Non-greedy pattern-multi-items:

\m \M Matches of the Preceding Atom
\@> \@> 1, like matching a whole pattern
\@= \@= nothing, requires a match zero-width
\@! \@! nothing, requires NO match zero-width
\@<= \@<= nothing, requires a match behind zero-width
\@<! \@<! nothing, requires NO match behind zero-width

It's recommended to use \zs instead of \@<= with the new regex engine.

Matching Newlines / End-of-Line Inside a Collection

Since $ doesn't match newline/end-of-line in a collection, you'll need to use one of these:
* \_ / \n: When used inside a 'collection' ([ ])
* With \_ prepended a collection also includes the end-of-line.
* The same can be done by including \n in a collection.

Matching Literal Key Characters

  • To include a literal ], ^, - or \ in the collection, put a
    backslash before it:
    • [xyz\]], [\^xyz], [xy\-z] and [xyz\\].
    • (Note: POSIX does not support the use of a backslash this way).

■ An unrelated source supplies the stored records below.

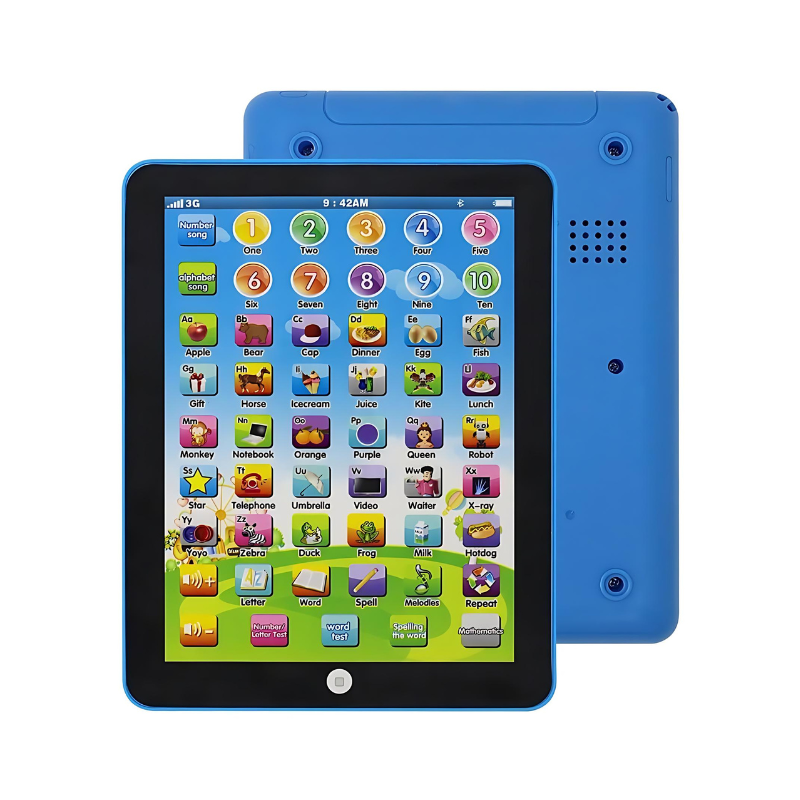 Fun Learning Tablet for Children with Interactive Games - Glamry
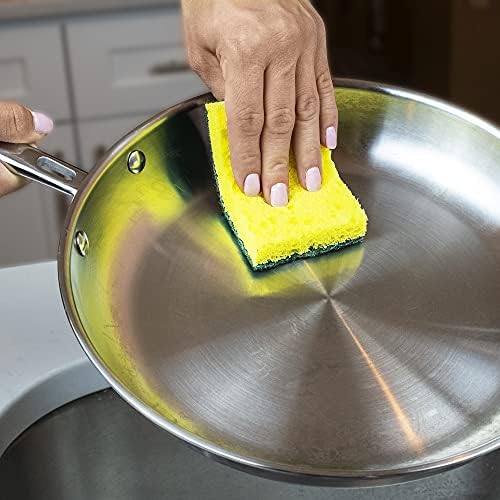 Amazon Basics Heavy Duty Scrub Sponges, Dual-Sided Design, Packaging May Vary - Image 3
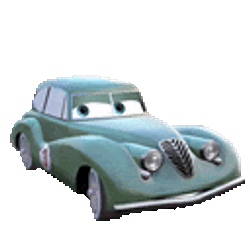 Fletcher Cars Movie Sticker GIF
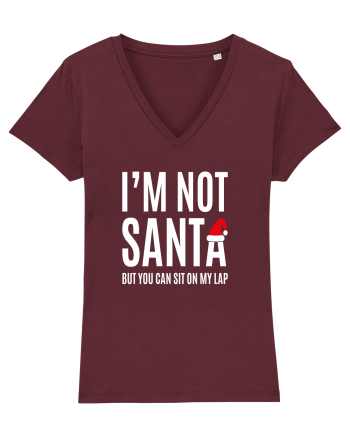 I'm Not Santa Burgundy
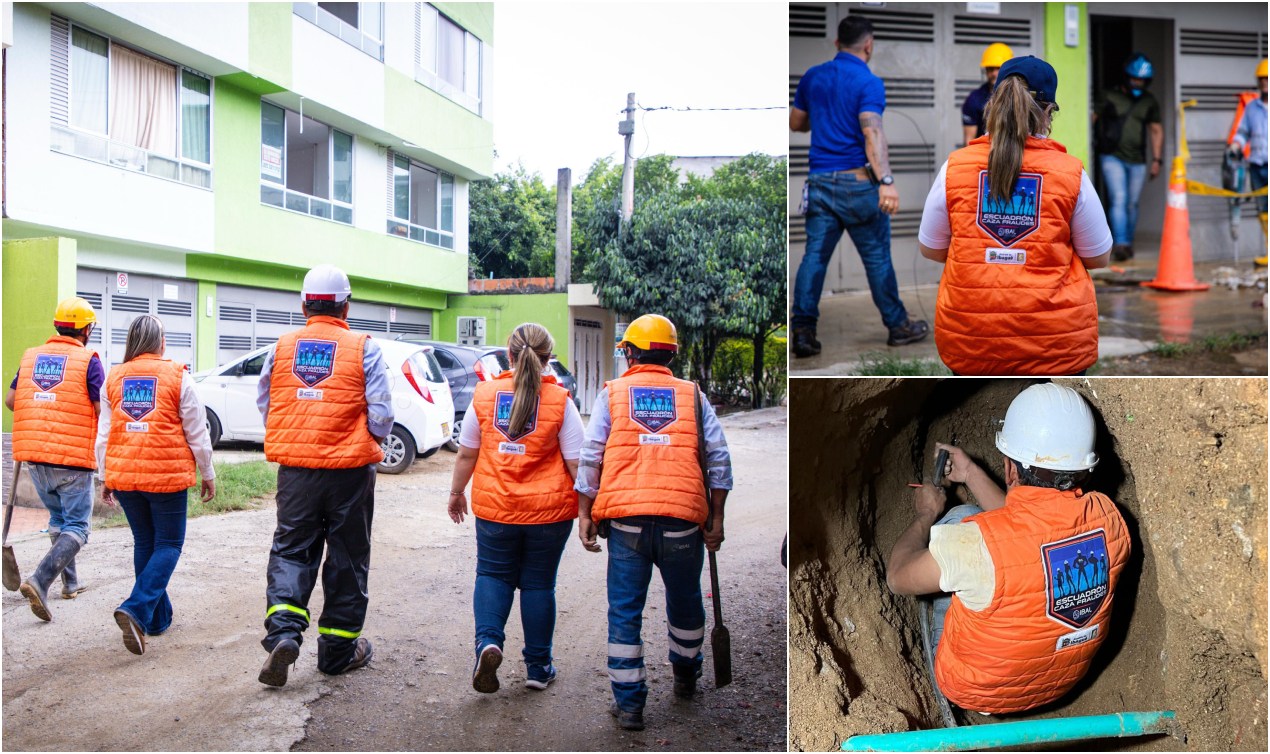 IBAL desmantela red ilegal de conexiones de agua en el barrio Calatayud 1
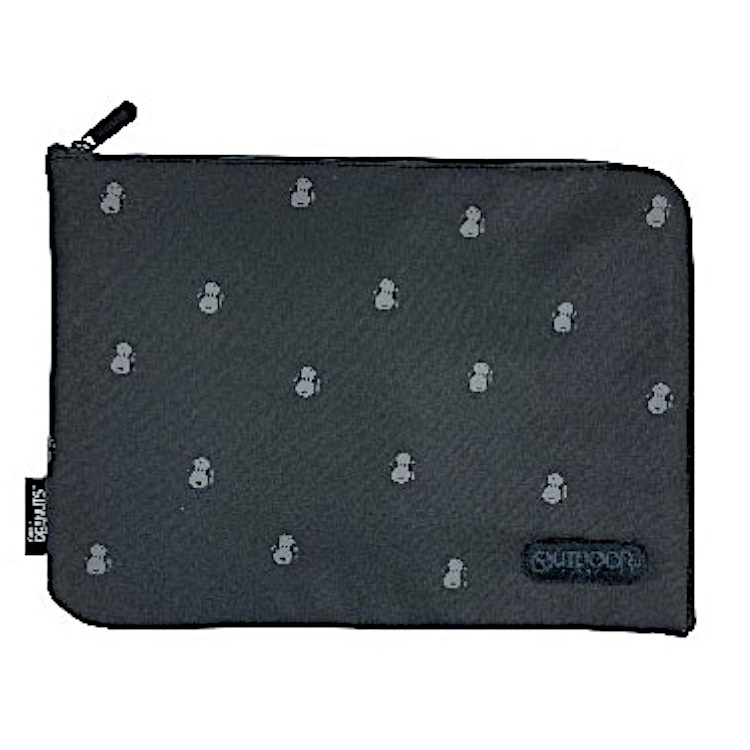 OUTDOOR×スヌーピー グッズ マルチケース 黒 アウトドアプロダクツ コラボバッグ 181111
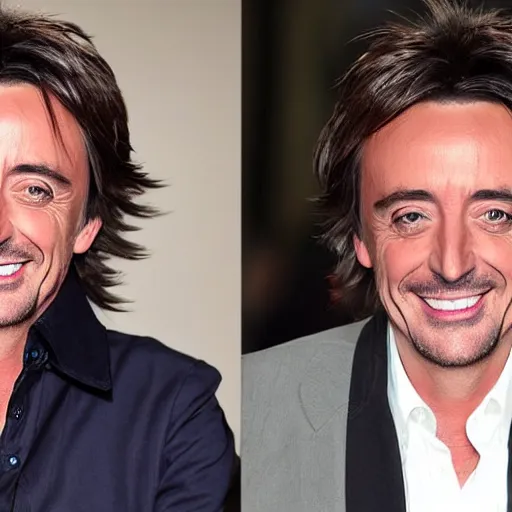 Image similar to Richard Hammond glues on his wig, highly detailed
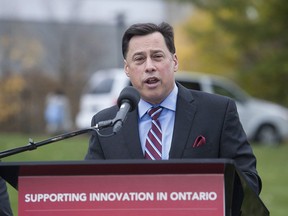 Brad Duguid, Minister of Economic Development, Employment and Infrastructure is pictured in Waterloo, Ont. on Oct. 13, 2015.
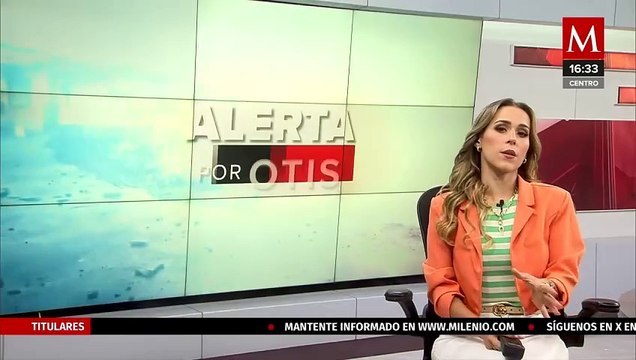 Se intensifica a categoría 3 el huracán 'Otis' frente a Guerrero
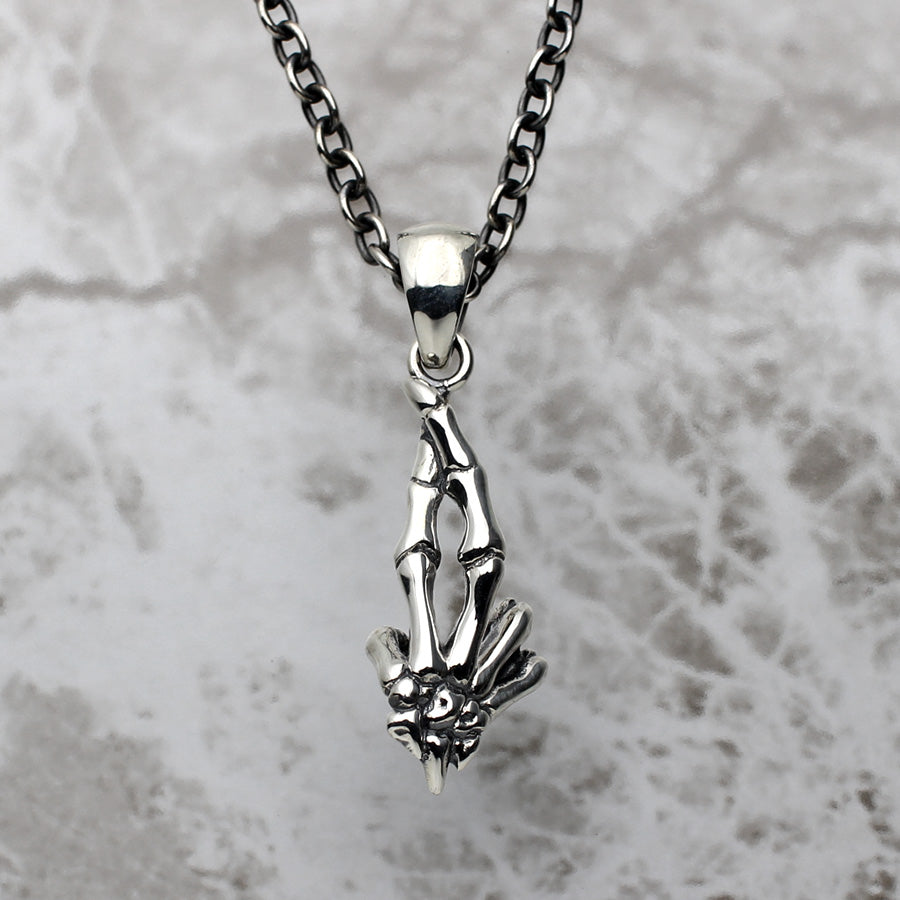 【Silver Monsters】幻獸異骸 日本 Strange Freak Designs 原創 祝好運手勢 純銀吊墜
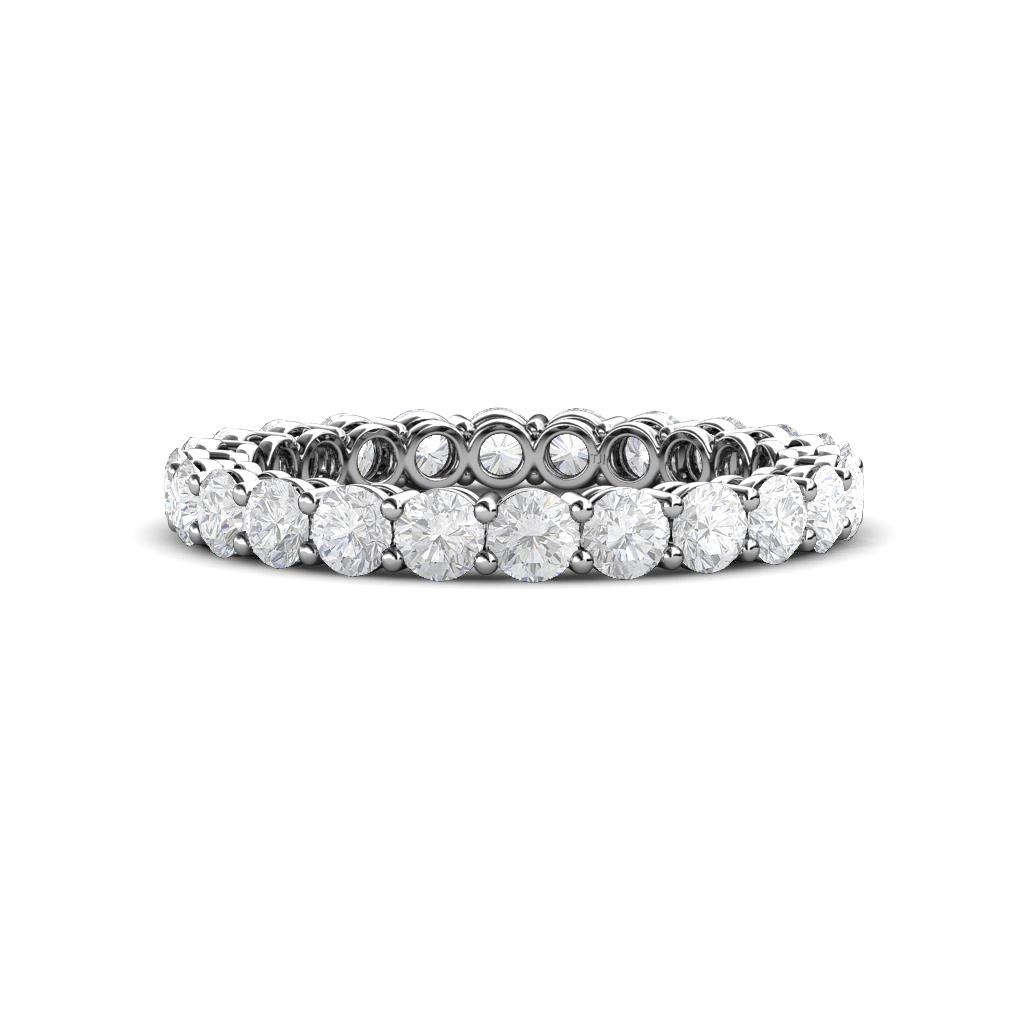 Tiffany 2.80 mm White Sapphire Eternity Band 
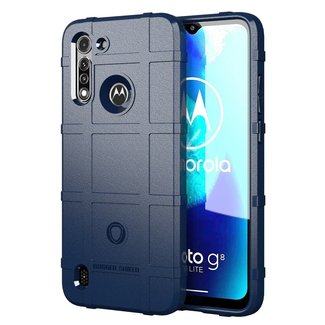 Cover2day Case for Motorola Moto G8 Power Lite - Heavy Duty Armor Shockproof TPU Cover - Blue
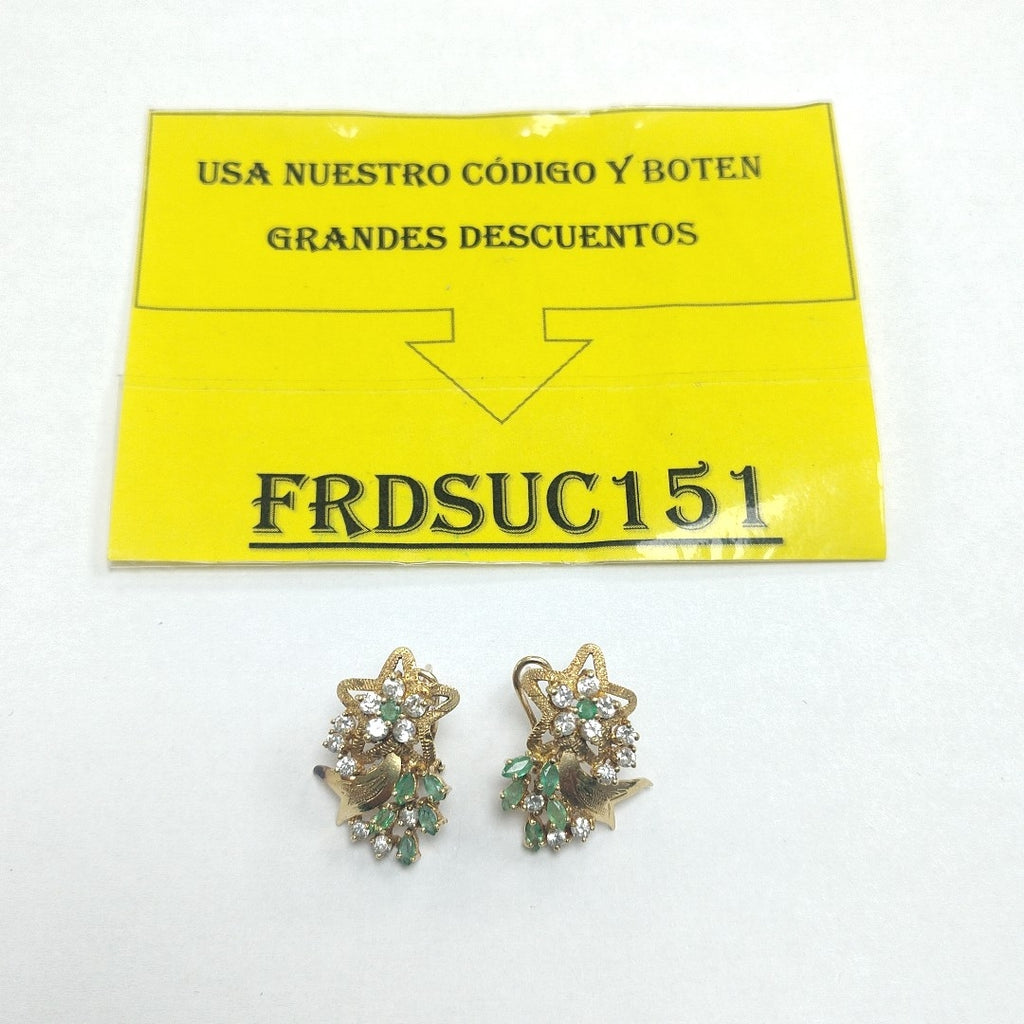 ARETES PAR ORO 10 K 7,30 GRMS (SEMINUEVO)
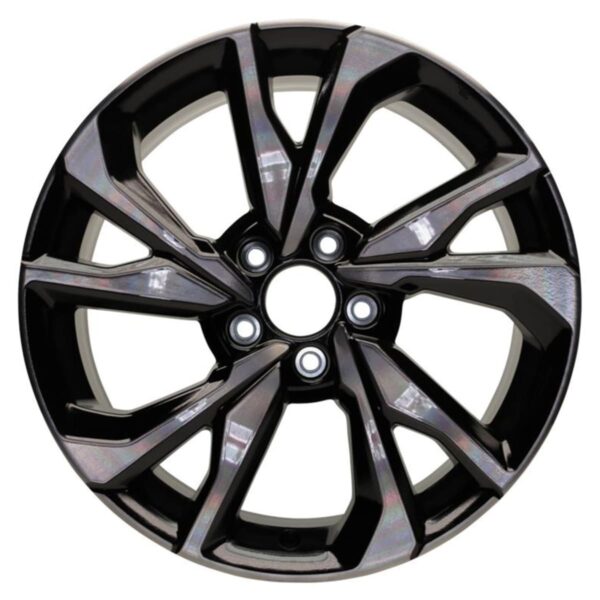 AutoWheels® ALY64108U46N Painted Black Wheel - 18 in. X 8 in.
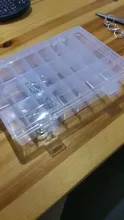 Storage-Box Case Container Earring-Bin Compartment Jewelry Practical Adjustable Plastic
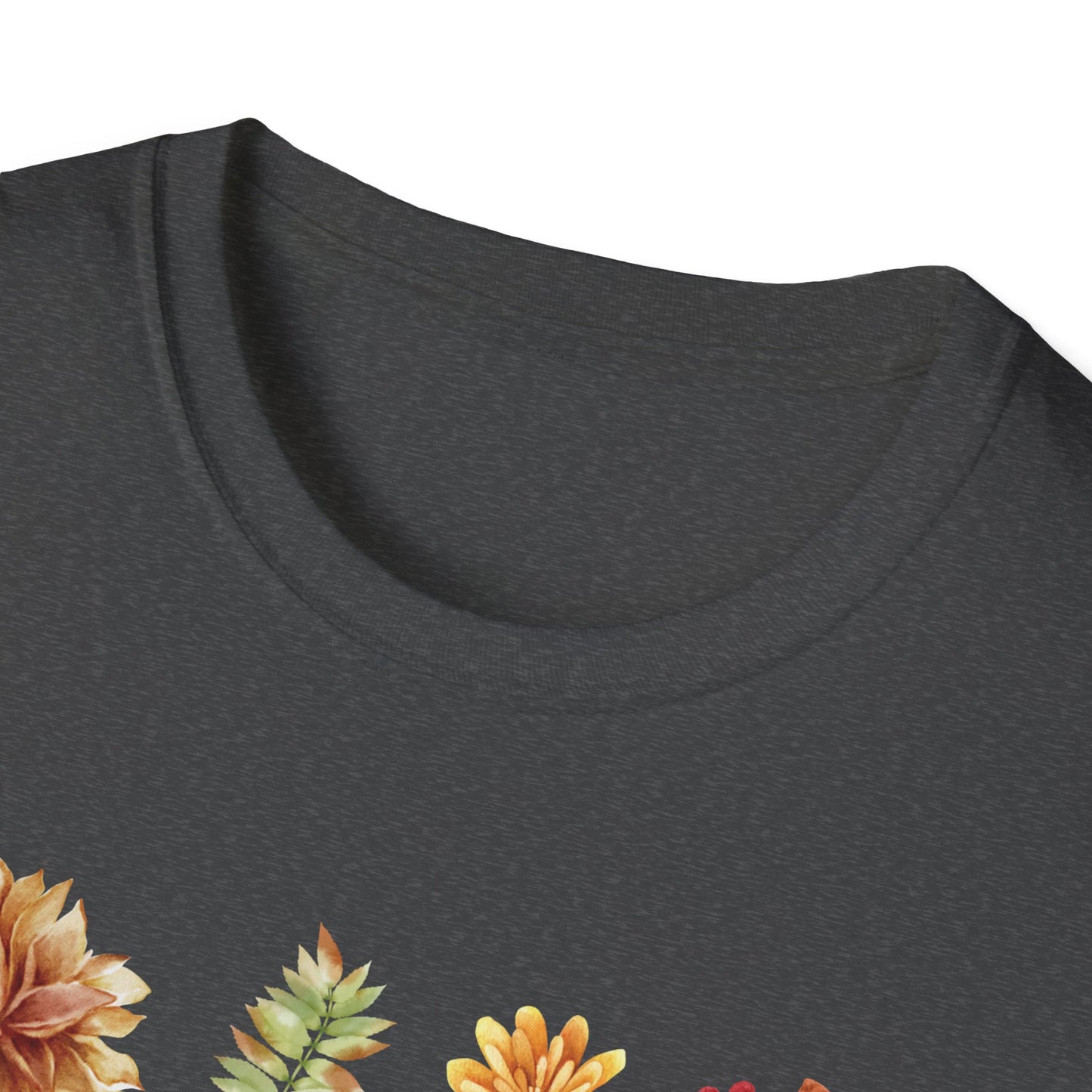 Thankful Grateful Blessed T-Shirt & Sweatshirt | Inspirational Fall Apparel | Cozy Christian Graphic Tee Unisex Softstyle T-Shirt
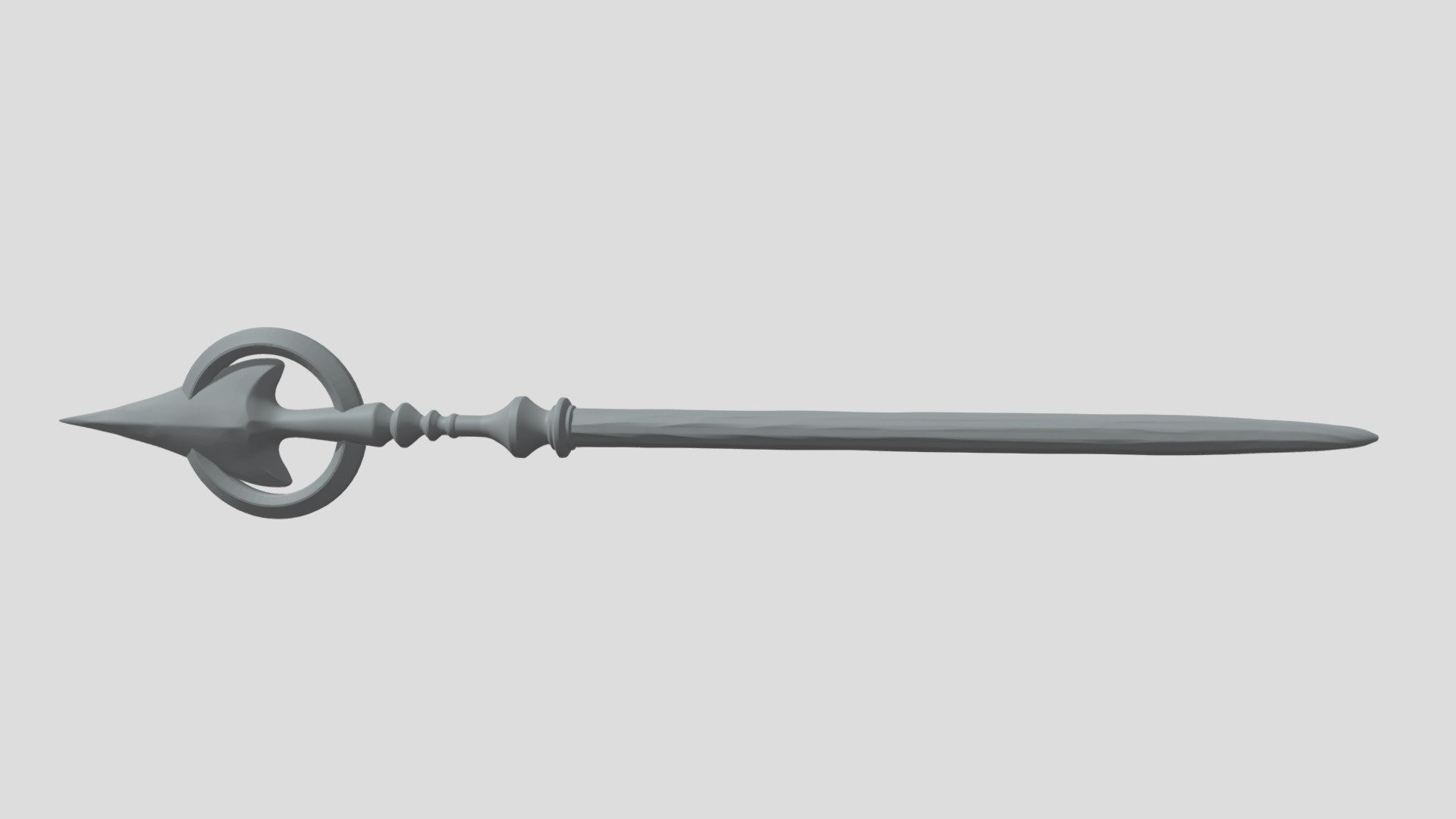 Arrow Wizard Wand | Hair pin 3d model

Dealing with Accents in Unicode

  • If there are unicode characters with accents, check \Z and \%C.
  • /[[=* *[==]: An equivalence class.
    • This means that characters are matched that
      have almost the same meaning, e.g., when ignoring accents.
    • This only works for Unicode, latin1 and latin9.

Unicode Accents Example

[=a=] will match characters like a, à, á, â, etc., because
they are all variations of the base character a with different accents.


Range of Operation

  • <number>: an absolute line number
  • .: the current line
  • $: the last line in the file
  • %: the whole file. The same as 1,$
  • 't: position of mark "t"
  • /pattern[/]: the next line where text "pattern" matches.
  • ?pattern[?]: the previous line where text "pattern" matches
  • \/: the next line where the previously used search pattern matches
  • \?: the previous line where the previously used search pattern matches
  • \&: the next line where the previously used substitute pattern matches

Capture Groups and Backreferences with Substitutions and Other Pattern Commands

Commands: :s, :g, :v

You can group parts of the pattern expression by enclosing them with \( and \) (escaped parentheses, unless very magic is set).

\(captured\)  

Using \| you can combine several expressions into one, matching any of its components.
The first one matched will be used.

\(Date:\|Subject:\|From:\)\(\s.*\)  

Then they can be referenced in the substitute with:
&: The whole matched pattern
\0: The whole matched pattern
\1, ..., \9: The matched pattern in the n'th capture group (\(...\))
* The numbering is done based on which \( comes first in the pattern (left to right).
~: The previous substitute string
\L: The following characters are made lowercase
\U: The following characters are made uppercase
\E: End of \U and \L
\e: End of \U and \L
\r: Split line in two at this point
\b: Insert a <BS>
\l: Next character made lowercase
\u: Next character made uppercase
<CR>: Split line in two at this point (Type the <CR> as CTRL-Q <Enter>*)
\<CR>: Insert a carriage-return (CTRL-M) (Type the <CR> as CTRL-Q <Enter>*)
\n: Insert a <NL> (<NUL> in the file) (does NOT break the line)
\t: Insert a <Tab>
\\: Insert a single backslash
\x: Is any character not mentioned above: Reserved for future expansion

* Some systems support CTRL-V <Enter> to insert the literals

Flags

  • g: Global, replaces all occurrences on each line.
  • i: Case insensitive.
  • I: Case sensitive.
  • c: Confirm each substitution.
  • e: Suppress "no match" error.
  • n: Report the number of matches, and don't actually substitute.
  • p: Print the line containing the last substitute.
    • #: Like p and prepend the line number.
    • l: Like p but print the text like :list.
  • & Must be the first one. Keep the flags from the previous substitute command.
    Examples:

    • :&&
    • :s/this/that/&
  • r: Only useful in combination with :& or :s without arguments.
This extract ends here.